The output of the "find" functions may contain even more information. Complex regular expressions may be composed of simpler regular expressions. The output of find() or find_all() will also include the simple slices that were matched as part of matching the large complex regex.

First match

The function has_match() will tell you if a match exists.

The function find() is designed to display the first, from the left, valid match it can locate.

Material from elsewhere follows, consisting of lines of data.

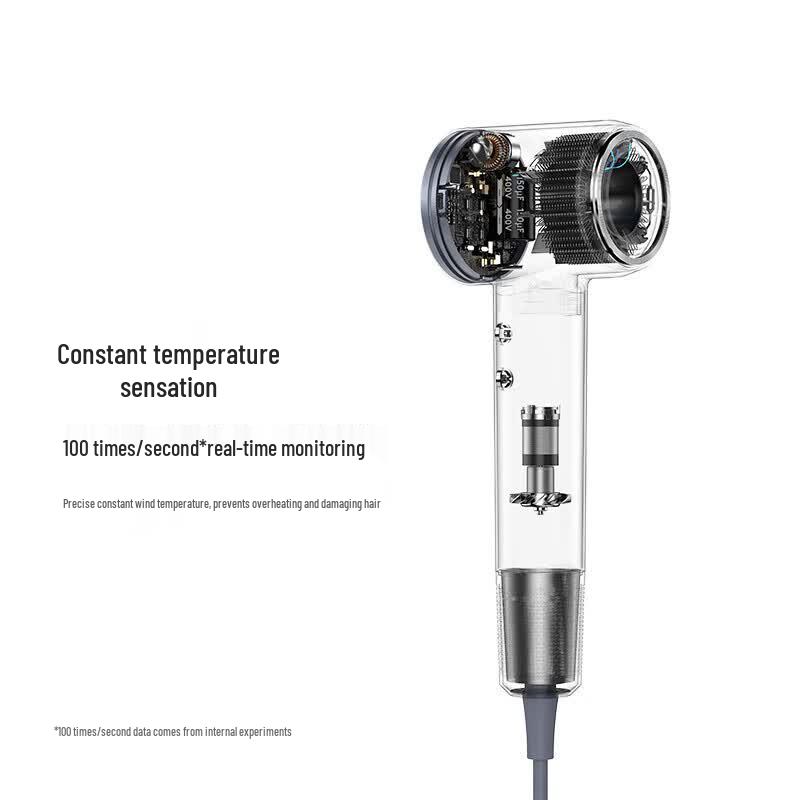 Laifen LF03 High-Speed Hair Dryer CN plug (adapter included)
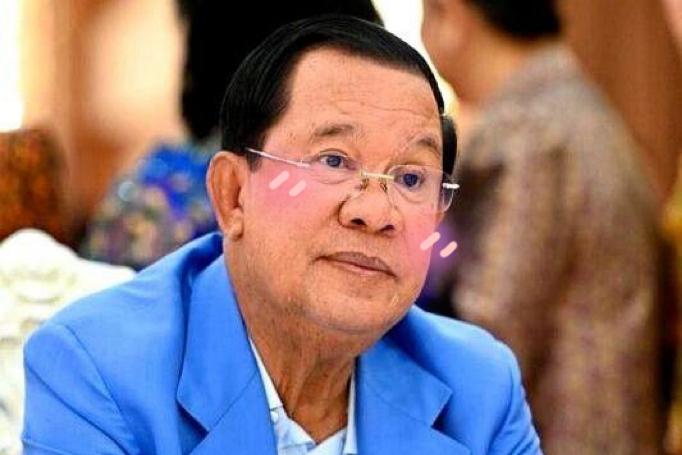 上午，俄罗斯大使刚义正辞严地说：我们的人，没在柬埔寨当雇佣兵。下午，柬埔寨的洪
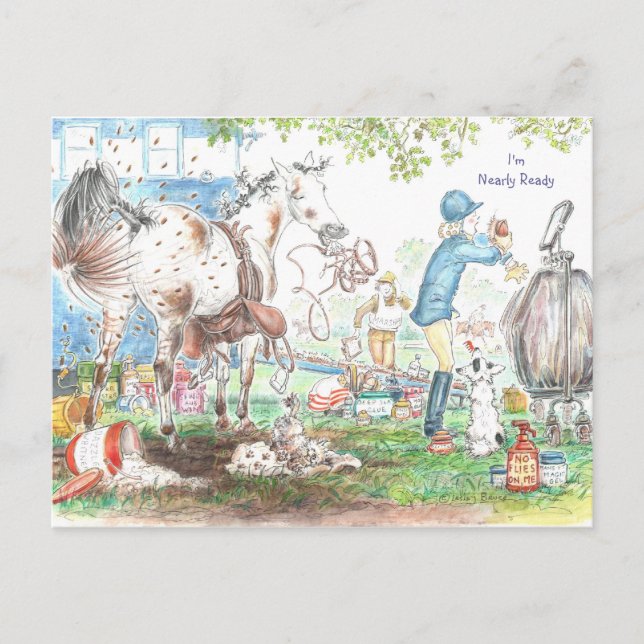 JudeToo JT43 Postkarte (Vorderseite)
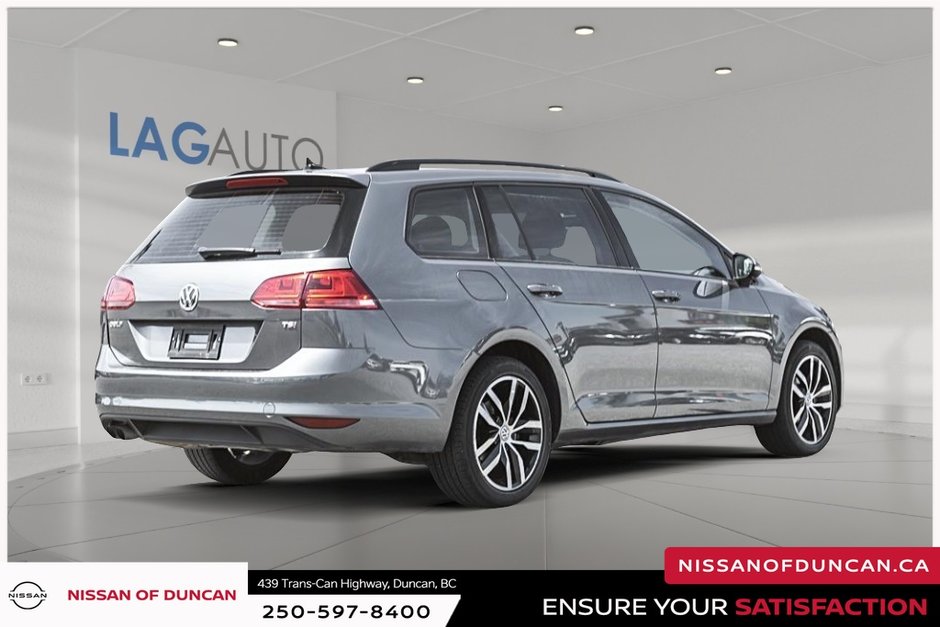 2016 Volkswagen Golf Sportwagon Trendline-6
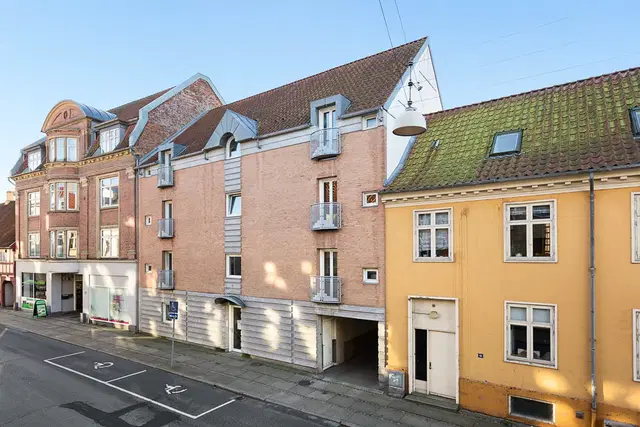 apartment Dejlig familiebolig i 8900 Randers C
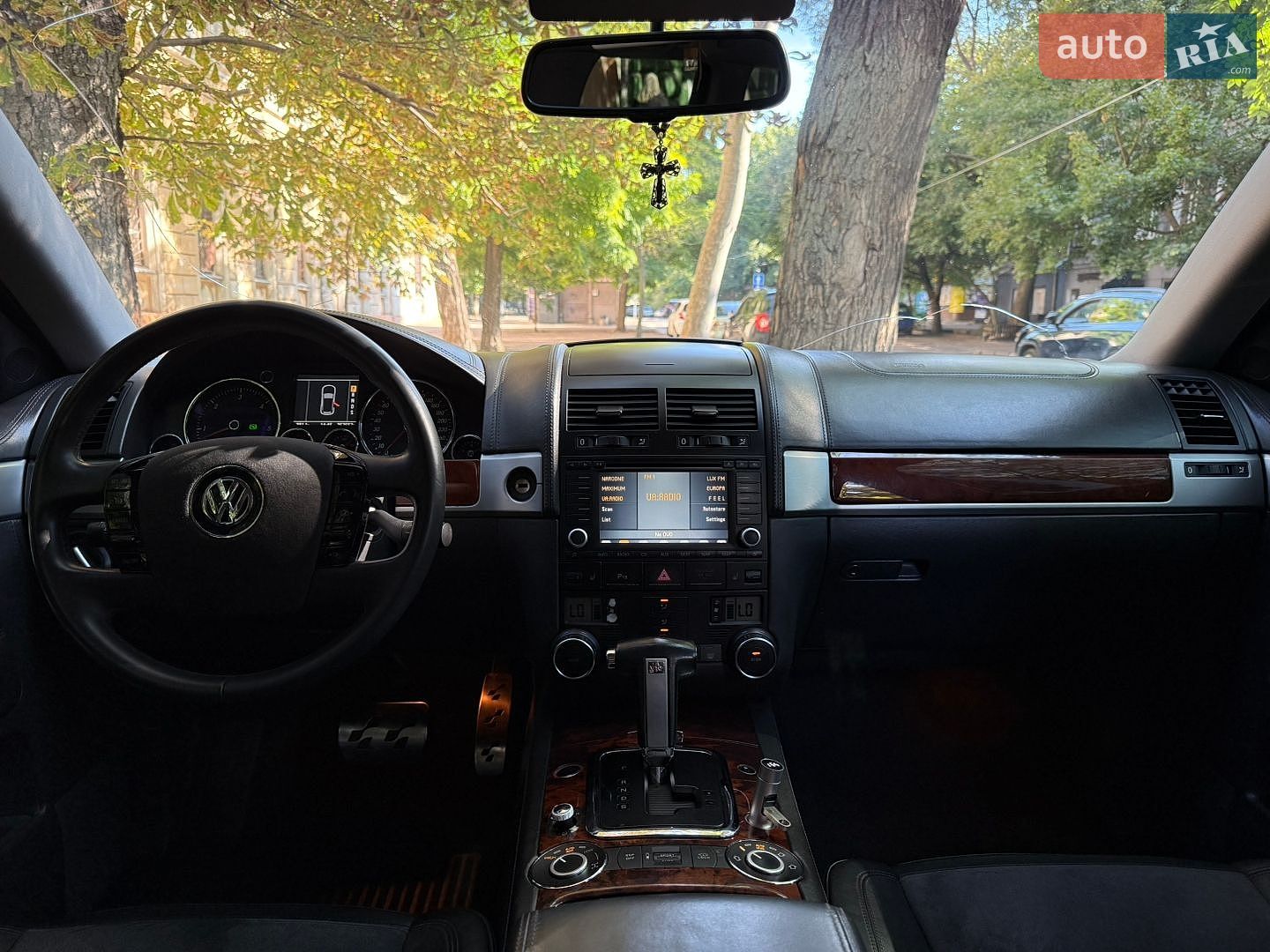 VOLKSWAGEN TOUAREG 2005 VIN WVGZZZ7LZ6D014322 фото оголошення 11 з 22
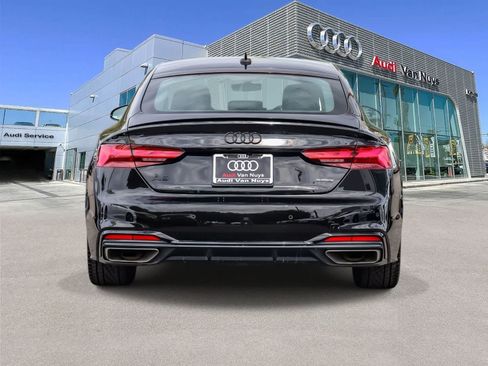 Used 2023 Audi A5 2.0T Premium Plus w/ Premium Plus AWD/4WD image 3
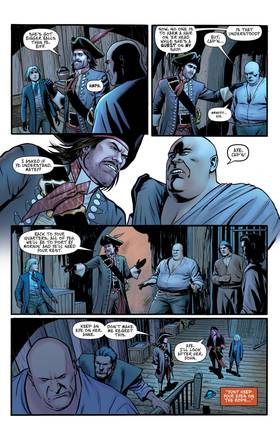 Read A Man Among Ye  4 Page 7 in English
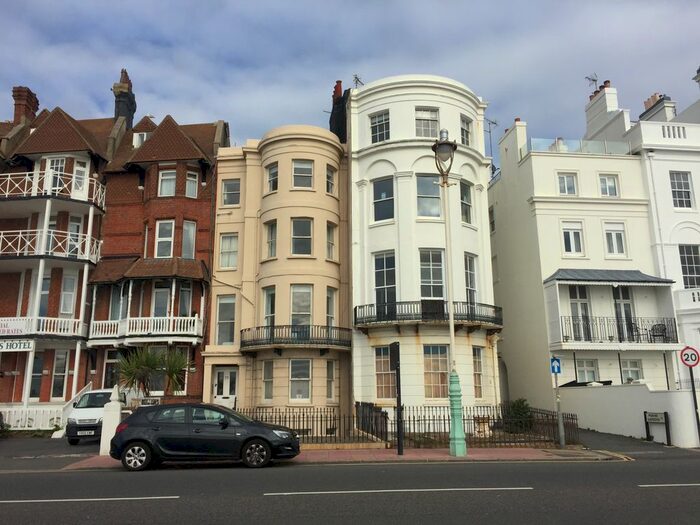 Studio To Rent In Marine Parade, Brighton BN2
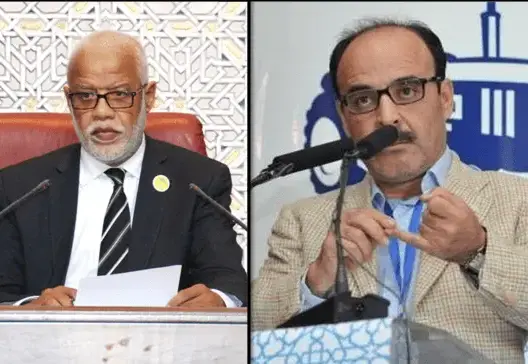 يتيم للبام: تعالوا ندعوا قياداتنا وقياداتكم ونصرح بالممتلكات
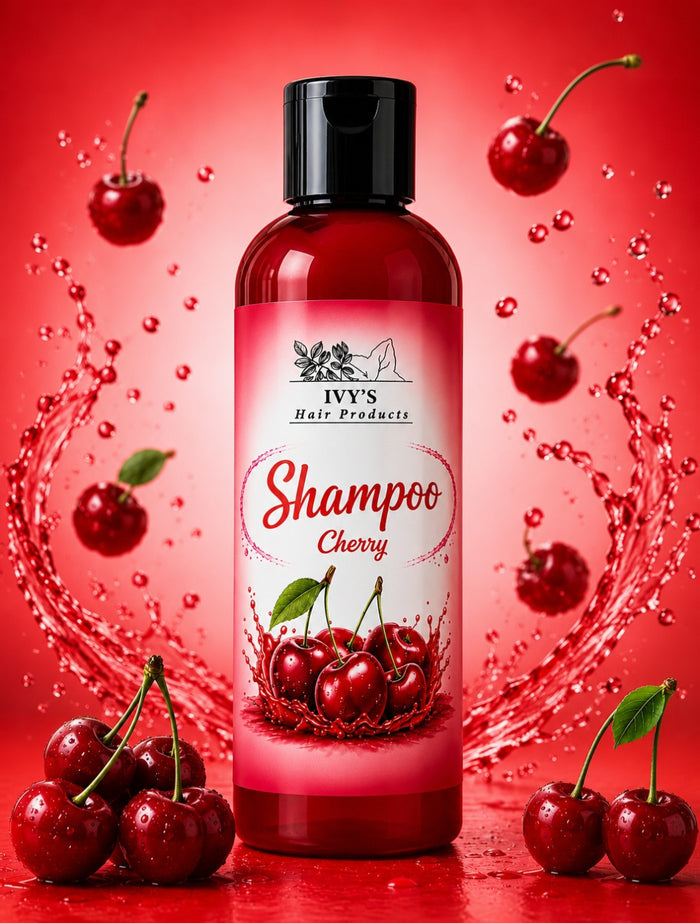 Fruit/ Sweet Shop Collection - Shampoo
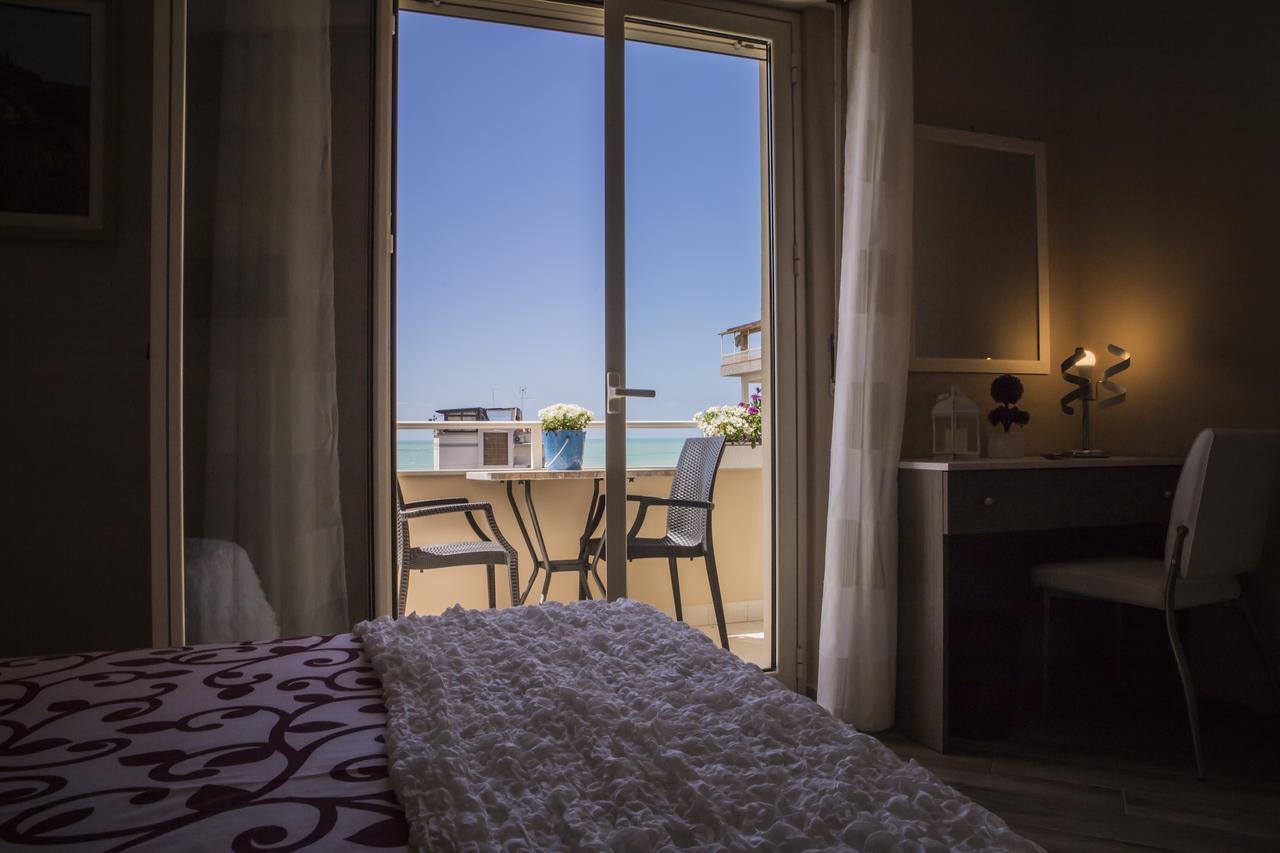 Bed and Breakfast Le Notti Di Morfeo San Leone Exterior foto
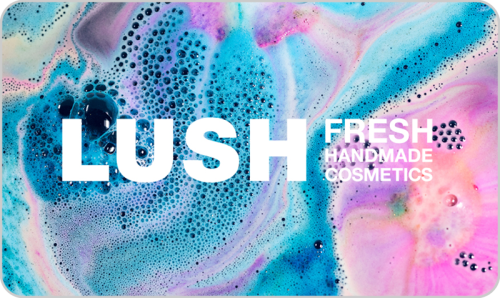 Buono regalo Lush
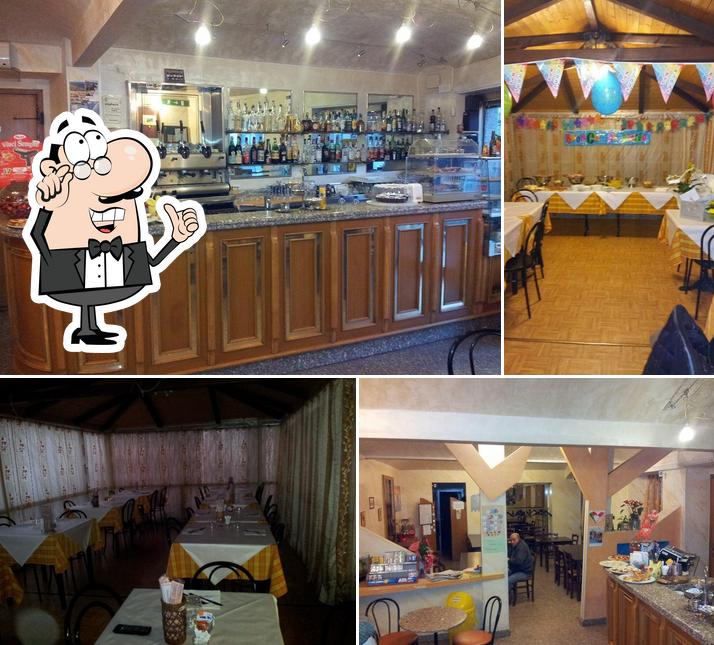 Siediti a un tavolo di Antica Trattoria e Braceria San Rocco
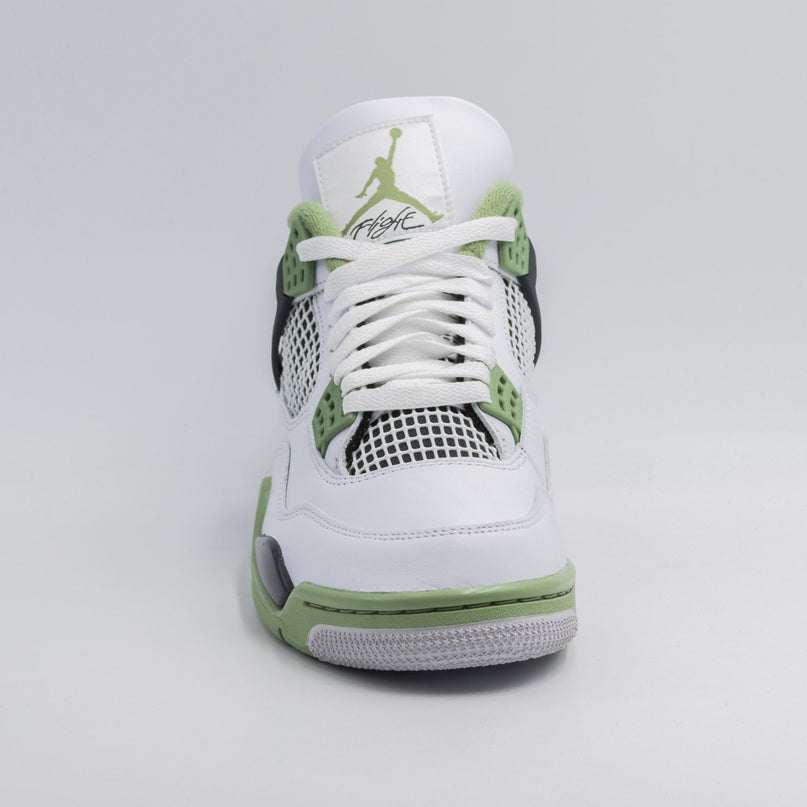 Air Jordan 4 Retro Seafoam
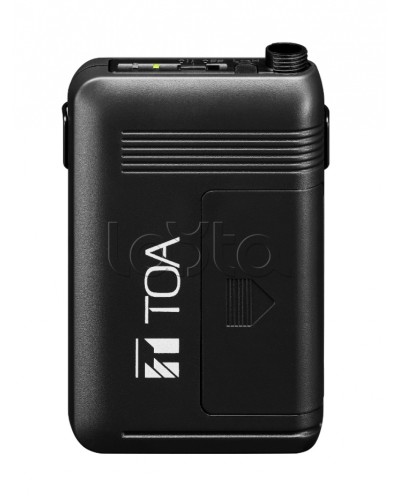 Радиопередатчик UHF для микрофонов серии TOA WM-5325 C07 в Сочи Системы оповещения и трансляции TOA Pintop.ru
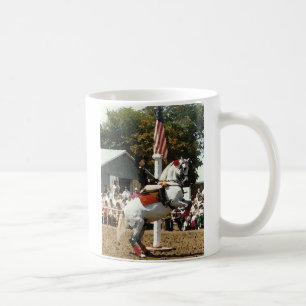 Caneca De Café Lipizzan Levade Mug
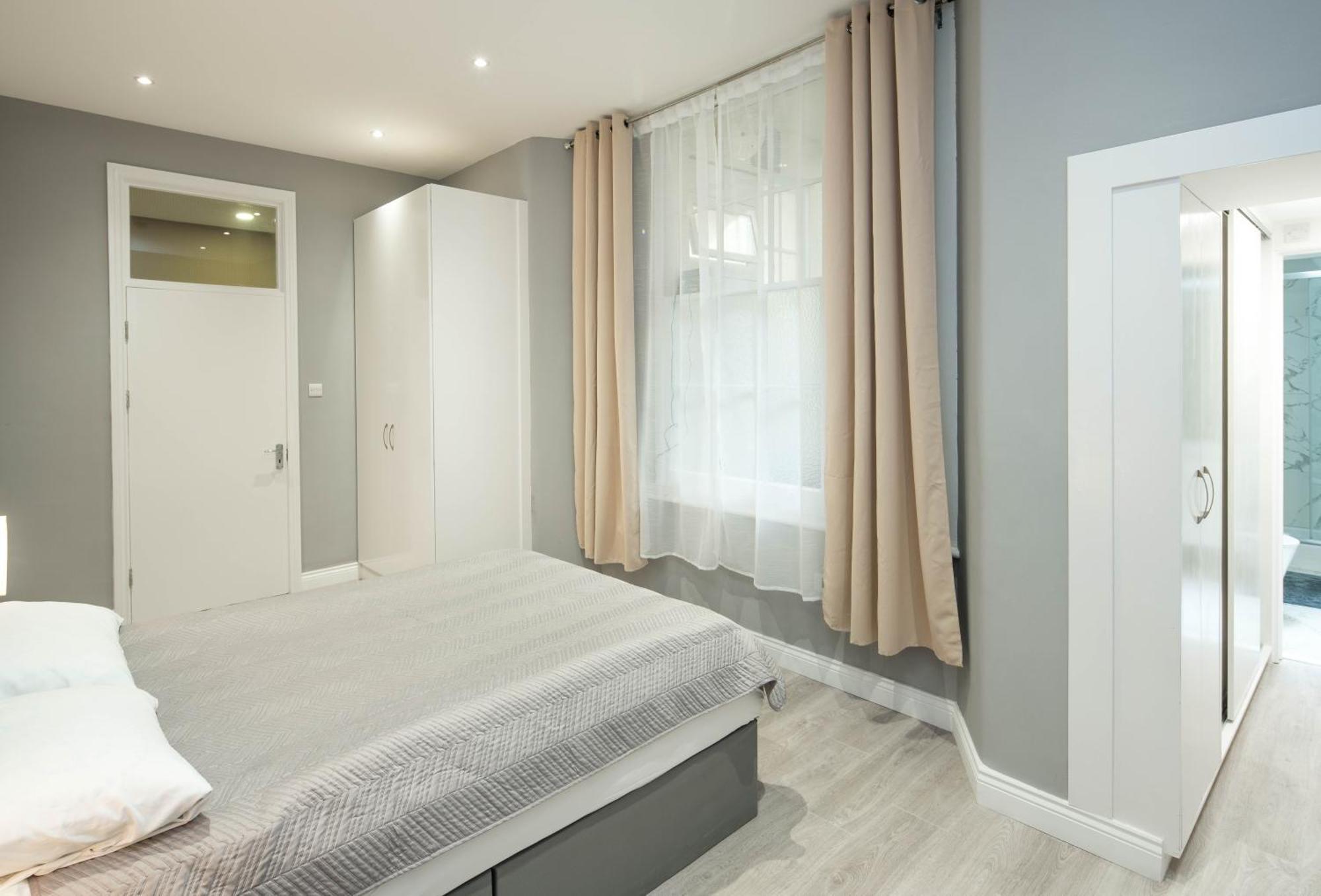 Kensington Courtyard Apartment London Luaran gambar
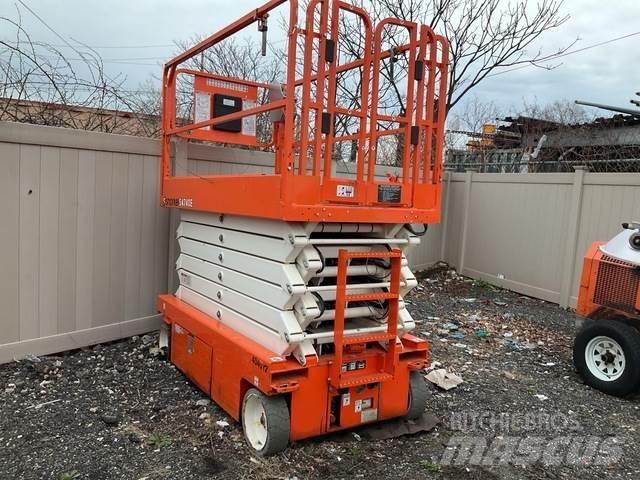 Snorkel S4740E Platforme foarfeca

include std/regex.e as re 
regex r = re:new( "dog" ) 
 
? re:has_match( r, "cats and dogs and cats and dogs and dogs" ) 
   -- 1 
 
? re:find( r, "cats and dogs and cats and dogs and dogs" ) 
  --                    |                                   { 
  --                    dog                                   {10,12} 
  --                                                        } 

All matches

The find_all() function will display all possible matches.

include std/regex.e as re 
regex r = re:new( "dog" ) 
? re:find_all( r, "cats and dogs and cats and dogs and dogs" ) 
   --                       |                 |        |        { 
   --                       dog               |        |         {10,12}, 
   --                                         dog      |         {28,30}, 
   --                                                  dog       {37,39} 
   --                                                           } 

^ $ search anchors

You may use anchor metacharacters to specify that your match must be in a specific location within the search string.

The metacharacter( ^ )is an anchor that requires the match to start at the beginning of the string.

The metacharacter( $ )is an anchor that requires the match to finish at the end of the string.

include std/regex.e as re 
regex r  
 
r = re:new( "cat" ) ---no anchors  
? re:find( r, "dog chases cat chasing another cat" )   
   --                     |                          { 
   --                     cat                          {12,14} 
   --                                                } 
 
r = re:new( "^cat" ) ---anchor start of string   
? re:find( r, "dog chases cat chasing another cat" ) 
   --         | 
   --        -1 
 
r = re:new( "^dog" ) ---anchor start of string    
? re:find( r, "dog chases cat chasing another cat" ) 
   --          |                                     { 
   --          dog                                     { 1, 3 } 
   --                                                } 
 
 
r = re:new( "cat$" ) ---anchor end of string 
? re:find( r, "dog chases cat chasing another cat" ) 
   --                                           |    { 
   --                                         cat      {32,34} 
   --                                                } 
 
r = re:new( "cat$" ) --- anchor end of string         
? find( r, "dog chases cat chasing another cat or maybe a mouse" ) 
   --      | 
   --     -1 

You may use ^ and $ together to force a regex to match an entire string.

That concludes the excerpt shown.